Washington multiplica las operaciones humanitarias en África, a veces para evitar el tráfico de armas y otras invocando lucha contra una secta criminal. Cualquier pretexto es válido para apoderarse del control del continente negro y de sus fabulosas riquezas. Vista de cerca, observa el geógrafo Manlio Dinuci, la penetración de Estados Unidos en África reproduce los esquemas del viejo colonialismo europeo.
Después de que la operación «Protector unificado» demoliera el Estado libio, lanzando sobre Libia no menos de 40 000 bombas en más de 10 000 misiones de ataque, y armara incluso a grupos islámicos hasta ayer clasificados como peligrosos terroristas, Washington dice ahora estar preocupado ante la posibilidad de que las armas de los arsenales gubernamentales caigan «en manos equivocadas».
Así que el Departamento de Estado toco la alarma y envió a Libia escuadras de contratistas militares, encargados de garantizar el control del arsenal libio y financiados hasta el momento con 30 millones de dólares. Sin embargo, tras ese objetivo oficialmente anunciado ciertamente se encuentra también el de apoderarse del control de las bases militares libias.
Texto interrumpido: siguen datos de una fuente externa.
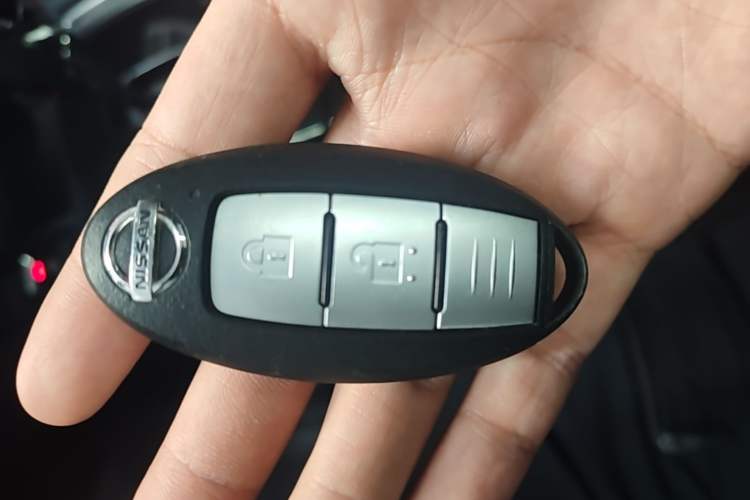 Used Nissan X-Trail 2021 2.5L CVT 4WD XL SmartConnect Leading Edition Vehicle Key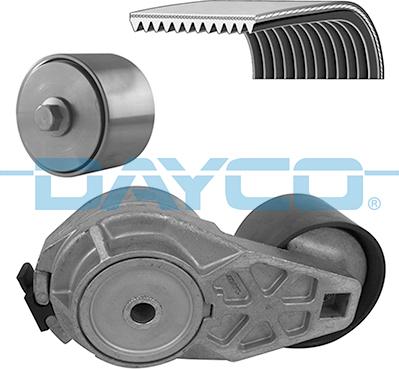 Wilmink Group WG2270892 - V-Ribbed Belt Set car-mod.net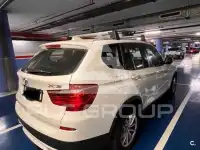 2013 BMW X3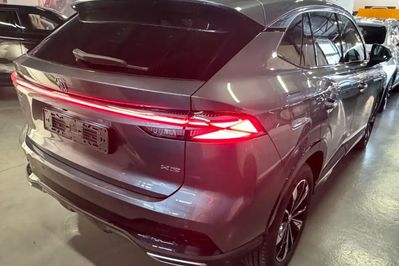 MG HS 1.5T HEV+ Exclusive aut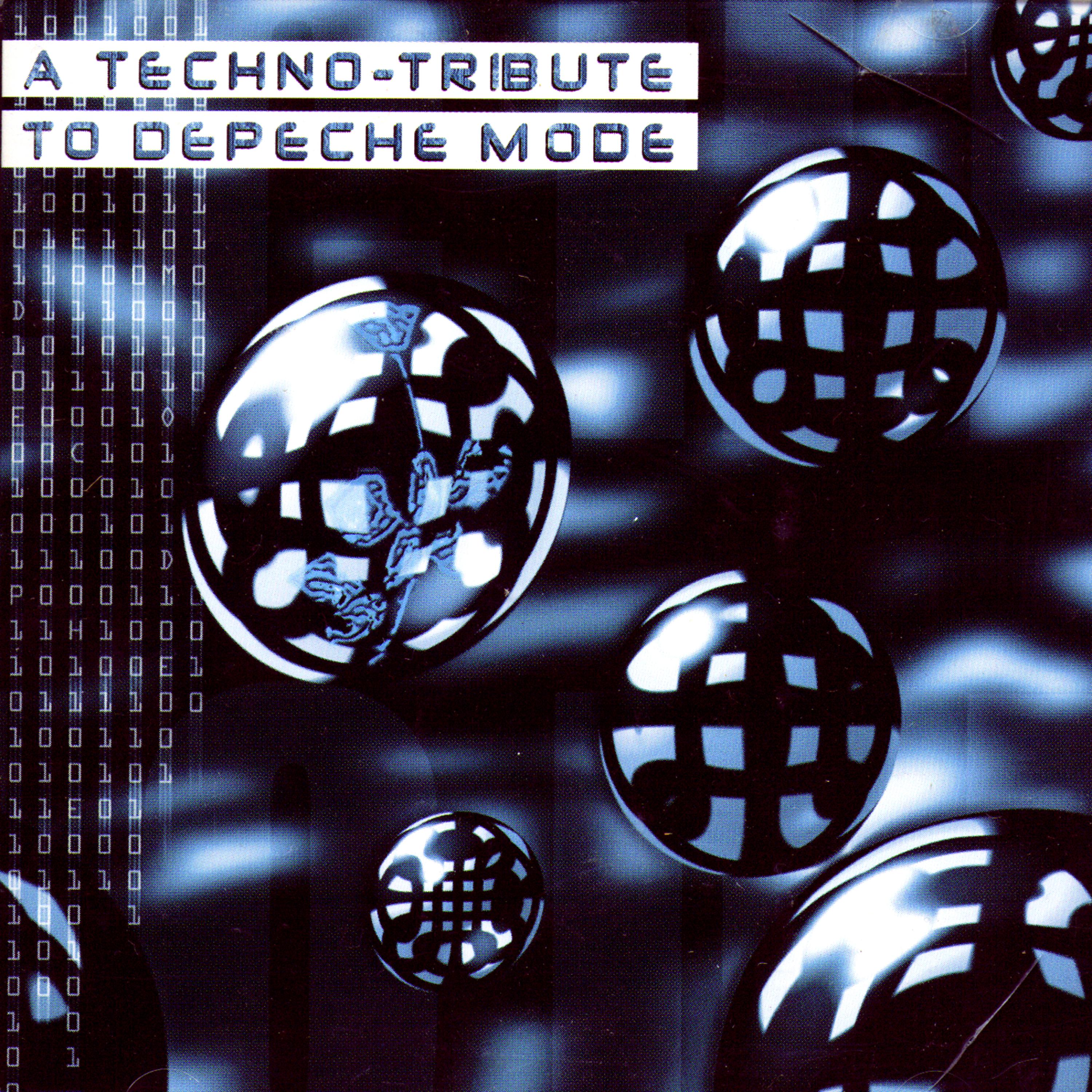 Постер альбома A Techno Tribute to Depeche Mode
A pesar del proclamado compromiso de no poner «boots on the ground», una forma de decir que no habrá tropas en el terreno, hace ya tiempo que agentes secretos y miembros de las fuerzas especiales de Estados Unidos, Reino Unido, Francia, Italia, Qatar y otros países vienen operando en territorio libio. Esos elementos ya guiaron los ataques aéreos y dirigieron las operaciones terrestres. Ahora, su misión consiste en garantizar que la Libia «pacificada» se mantenga bajo el control de las potencias que fueron a «liberarla».
El 14 de octubre, exactamente el mismo día que el Departamento de Estado anunciaba el envío de contratistas a Libia, el presidente Obama anunciaba el envío de fuerzas especiales a África central, un centenar de militares… para empezar. Oficialmente, su misión consiste en «aconsejar» a las fuerzas armadas locales, implicadas en la lucha contra el «Ejército de Resistencia del Señor». El Departamento de Estado financia la operación con 40 millones de dólares, hasta el momento.
La verdadera misión de los cuerpos de élite enviados por Washington es la creación de una red de control militar del área que incluye Uganda, Sudán del Sur, Burundi, la República Centroafricana y la República Popular del Congo. Y mientras Estados Unidos envía sus propias fuerzas a Uganda y Burundi, oficialmente para protegerlos de las atrocidades del «Ejército del Señor» –organización que dice inspirarse en el misticismo cristiano–, Uganda y Burundi tienen en Somalia miles de soldados que luchan, por cuenta de Estados Unidos, contra el grupo del islamista al-Shabab.
Los mencionados soldados africanos cuentan con el respaldo del Pentágono que les proporcionó, en junio pasado, armas por valor de 45 millones de dólares, entre las que se encuentran aviones sin piloto y dispositivos de visión nocturna.
El 16 de octubre, dos días después del anuncio de la operación estadounidense en África central, Kenya envió tropas a Somalia. Oficialmente motivado por la necesidad de garantizar la protección contra bandidos y piratas somalíes, el envío de tropas de Kenya se produjo en realidad por iniciativa de Estados Unidos y en beneficio de los intereses estadounidenses, después del fracaso de la intervención militar etíope, igualmente promovida por Estados Unidos. Y en Somalia, donde el «gobierno» respaldado por Washington controla a duras penas un solo barrio de Mogadiscio, la CIA viene trabajando desde hace tiempo con comandos locales debidamente entrenados y armados y contratistas de compañías militares privadas.
Como puede verse, el objetivo final de Estados Unidos es hacerse del control de áreas estratégicas del continente africano, como Libia, la encrucijada entre el Mediterráneo, África y el Medio Oriente, así como el África oriental y central, entre el océano Indico y el Atlántico. Este juego, en apariencia complicado, se hace más claro si miramos un mapa geográfico o, mejor aún, un atlas histórico para constatar el asombroso parecido que existe entre el neocolonialismo y el viejo colonialismo.